If you just want to do it by numbers without interface, and get as mathematically crazy as you like, R has some simple "turn a timeseries to a wav file" libraries.
Also to add: quite a few ipad apps that let you sketch in either a wave form or a spectrum, then turn knobs on it like a synth. Addictive Synth is one that lets you draw spectra freehand; WaveGenerator lets you put in various surfaces or even pictures and "listen" to them. This specific method is called "Wavetable Synthesis".
I should also have mentioned that Mathematica makes this sort of thing quite accessible as well, and if you can't afford it or are just a hobbyist they are pretty liberal with their student licensing. http://reference.wolfram.com/mathematica/guide/SoundAndSonif...
Wavetable synthesis involves a table of single-cycle waveforms that you then sweep through, either manually or preferably with some sort of modulation source. The PPG Wave is the most famous case, and Ensoniq's Transwave technology was basically the same thing. Typically you'll start with 2 waves of completely different harmonic spectra and interpolate between them. IIRC there's a quite affordable PPG wave for iPad now from Wolfgang Palm (who is the authority on this method of synthesis).
To mimic an existing sound, such as an organ, I once used audio software to plot the FFT of the original sound, then manually entered the amplitudes of the fundamental and harmonics in a ZynAddSubFX XML instrument definition. I'd like something that automates that process.
Edit: regarding spectral manipulation, there is also SpectraLayers.
If you really want to create an arbitrary waveform (and I caution you that much of the timbre is in the attack and decay and harmonic filtering effects) the simplest way for non-engineers to do that is to use something like an Arduino with a Adafruit Waveshield and a scripted tool to generate .WAV files.
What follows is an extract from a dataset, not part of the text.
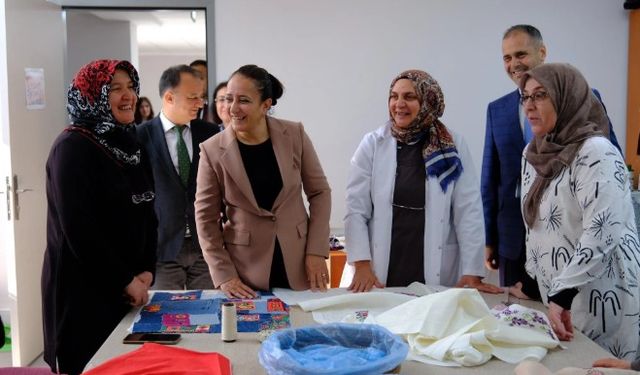 Yenilenen Halk Eğitim Merkezini Yerinde İncelendi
The production path then is 'gen file, copy to SD card, stick in WaveShield and hit reset'.
As for copying a file to an Arduino... you know you can play wav files on your computer right?
Unless there is some more fundamental way in which they are equivalent, in which case I would be eager to learn more.
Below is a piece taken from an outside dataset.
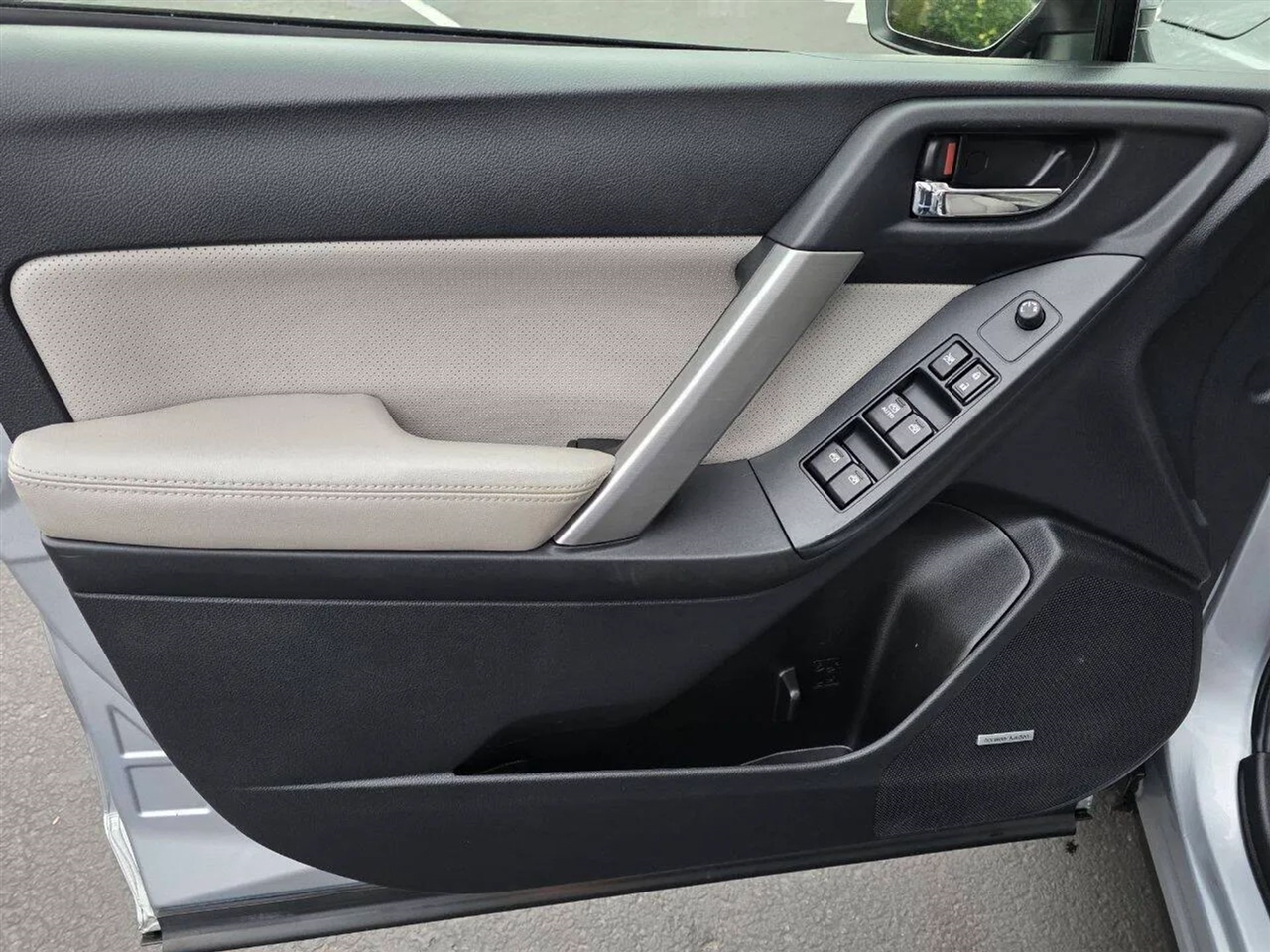 Subaru Forester 2.5i Touring 2014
I did get a chance though to re-read chapter Chapter 3 "What is FM" and marvel at the relatively simple way it composes into very complex waveforms.
Here's a link to the library: https://bitbucket.org/cmcfarla/waveout
It's stupidly simple C code -- you just need to use three functions: One to open a file for writing audio, one to write a stereo sample, and one to close the file performing cleanup and bookkeeping. I included two examples -- a really basic example to just create a sine wave, and a slightly more complicated one that creates a sine wave with a panning effect.
While I've written a lot of code before, it's rare for me to put code up as open source. So, if I've missed something important, please let me know.
(A rare piece of software not getting older with time; and in general, other Falstad's simulations are great, especially Ripple Tank for optical interference and electric circuits.)
I'm a bit rusty but going up by 2n (1n,2n,4n,6n...) gives you the even harmonics, the opposite (1n,3n,5n,7n...) gives you the odd harmonics. Old tube-amps are known for keeping the odd harmonics around, it's a "warmer" sound.